Medieval bestiaries, of which the digitized Aberdeen Bestiary is a fine example from the 12th century, were based on the Physiologus, an anonymous Greek-language book dating back to perhaps the 2nd century. On June 30, the BAV in Rome digitized and published online a 17th-century Greek manuscript of it, Ott.gr.354. Here is its caladrius giving a bearded man his doom on folio 64r:

All of the images in the Ottoboniani Physiologus are of great interest. Here is one of the sirens, from folio 45r:

This early Christian compendium contains 48 stories about the nature of real and mythical animals, plants and stones. In its mixture of fact and fiction, it is no more reproachable than the infotainment and "science documentaries" with half-truths, portentous voices and dramatic music which air on daytime television.

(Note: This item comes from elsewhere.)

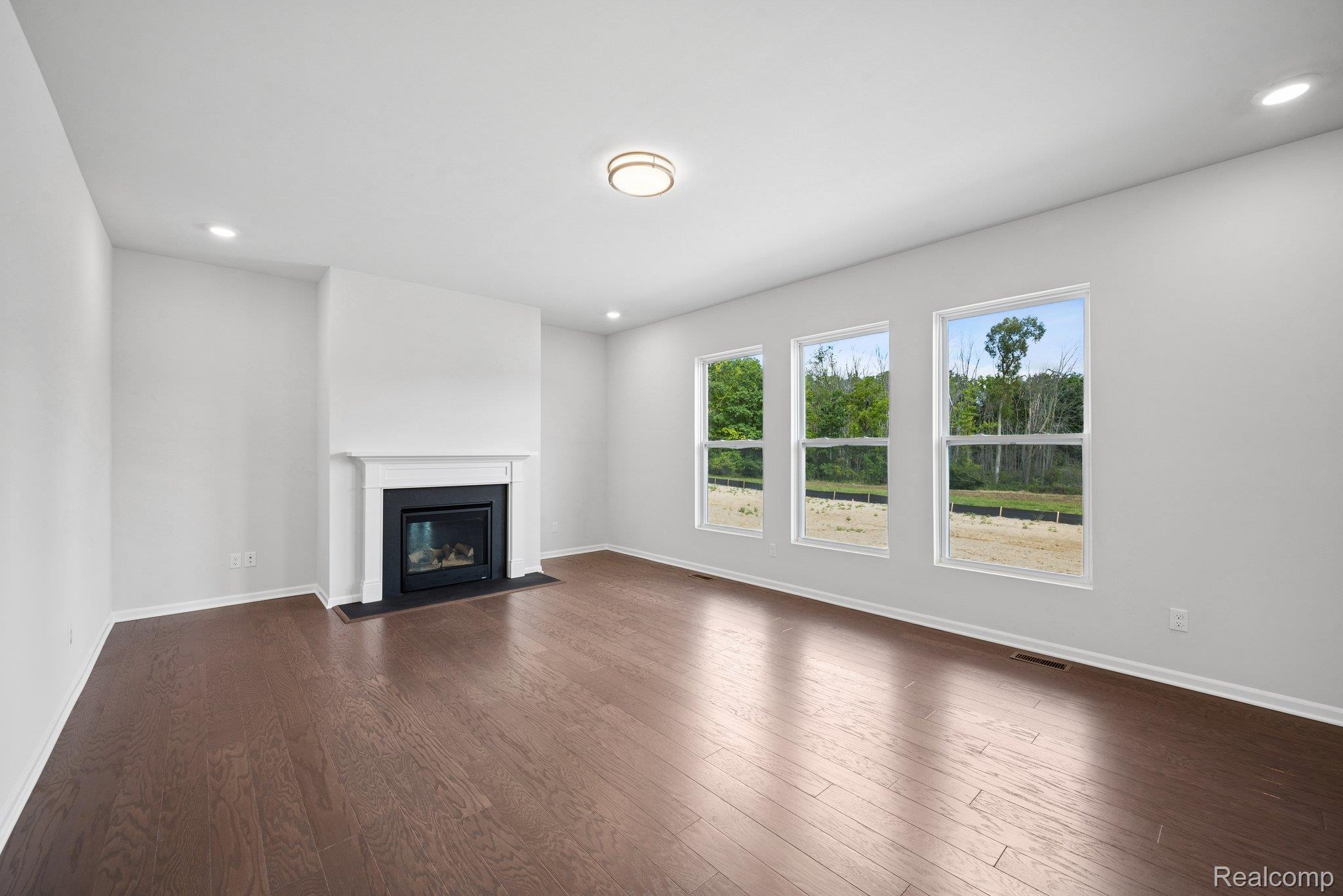 27117 Silo Drive Property Photo 7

A Physiologus for TV with similar self-important commentary would be a great satire. Imagine the stock film clips which could be dug up for the elephant (folio 13r), of which we are told it cannot bend its legs, rarely has the desire to mate and practices water birth.

The Physiologus was once as well known as any TV series is today. It was translated into Latin and had enormous influence in the medieval world. Translations and adaptations from the Latin introduced the Physiologus into most languages of western Europe. Its magnificently bogus science shows up in most European literatures including the works of Shakespeare.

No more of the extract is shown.